» Exercise brief
Skipping each picture, output the entries exactly as they stand below.

*** Source material ***

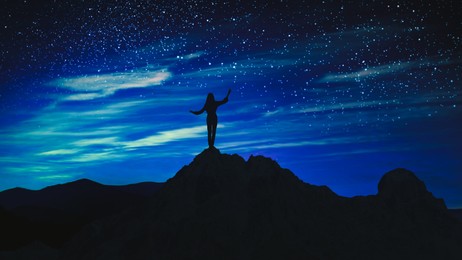 Image of Silhouette of woman in mountains under beautiful starry sky at night, banner design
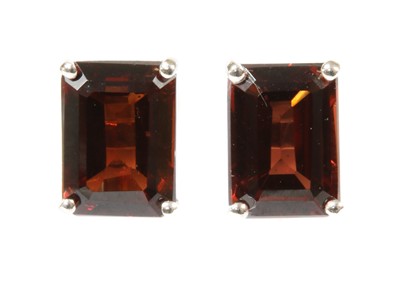 Lot 119 - A pair of white gold single stone garnet stud earrings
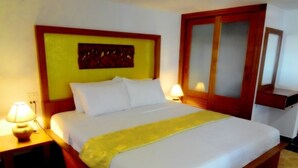 Een net opgemaakt bed met witte lakens en een gele plaids, een houten hoofdbord, een nachtkastje met een lamp en een spiegel aan de muur.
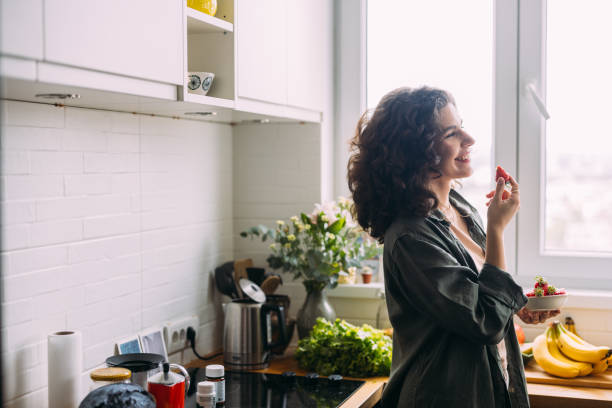 istock A Happy Beautiful Woman Looking Away While Eating Strawberries 1588090785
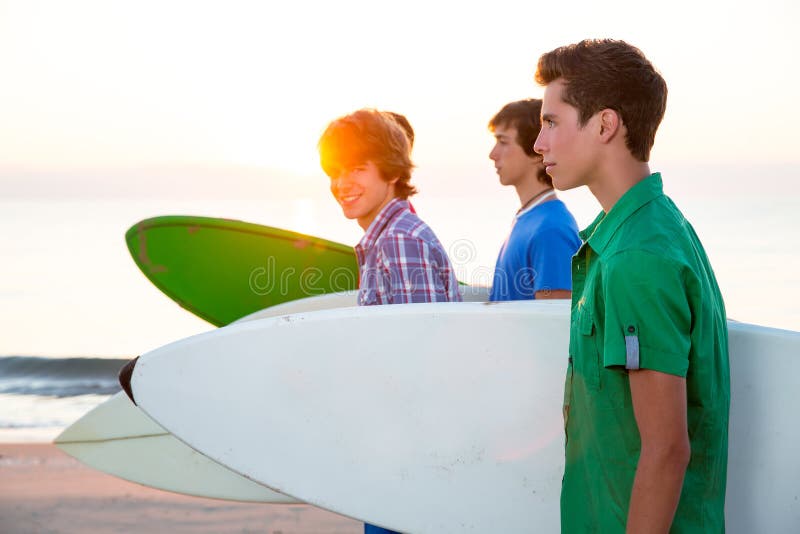 De jongens die van de surfertiener bij strandkust lopen royalty-vrije stock foto De jongens die van de surfertiener bij strandkust lopen royalty-vrije stock foto
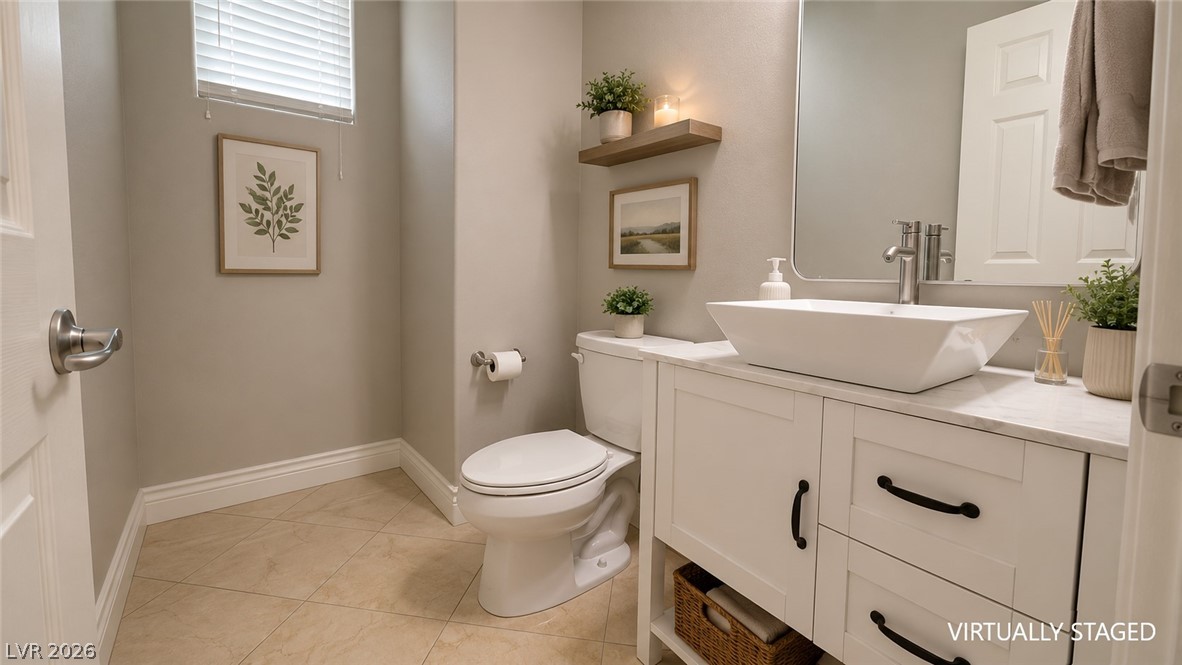 87 Tall Ruff Drive Las Vegas, NV 89148 - Photo 53 of 71 Clean lines define this powder room, featuring a sleek vessel sink and neutral tile flooring.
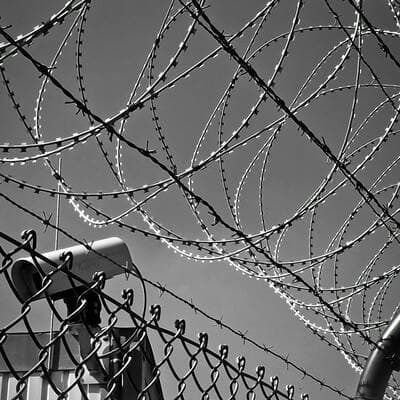 Photo of a fence with barbed wire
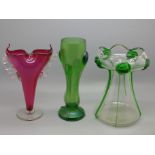 Three vases, circa 1900, cranberry posy vase, 17cm, an Art Nouveau iridescent green glass vase, 17cm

***

» Result of this exercise
 Image of Silhouette of woman in mountains under beautiful starry sky at night, banner design
 Lot 119 - A pair of white gold single stone garnet stud earrings
 Een net opgemaakt bed met witte lakens en een gele plaids, een houten hoofdbord, een nachtkastje met een lamp en een spiegel aan de muur.
 istock A Happy Beautiful Woman Looking Away While Eating Strawberries 1588090785
 De jongens die van de surfertiener bij strandkust lopen royalty-vrije stock foto De jongens die van de surfertiener bij strandkust lopen royalty-vrije stock foto
 87 Tall Ruff Drive Las Vegas, NV 89148 - Photo 53 of 71 Clean lines define this powder room, featuring a sleek vessel sink and neutral tile flooring.
 Photo of a fence with barbed wire
 Three vases, circa 1900, cranberry posy vase, 17cm, an Art Nouveau iridescent green glass vase, 17cm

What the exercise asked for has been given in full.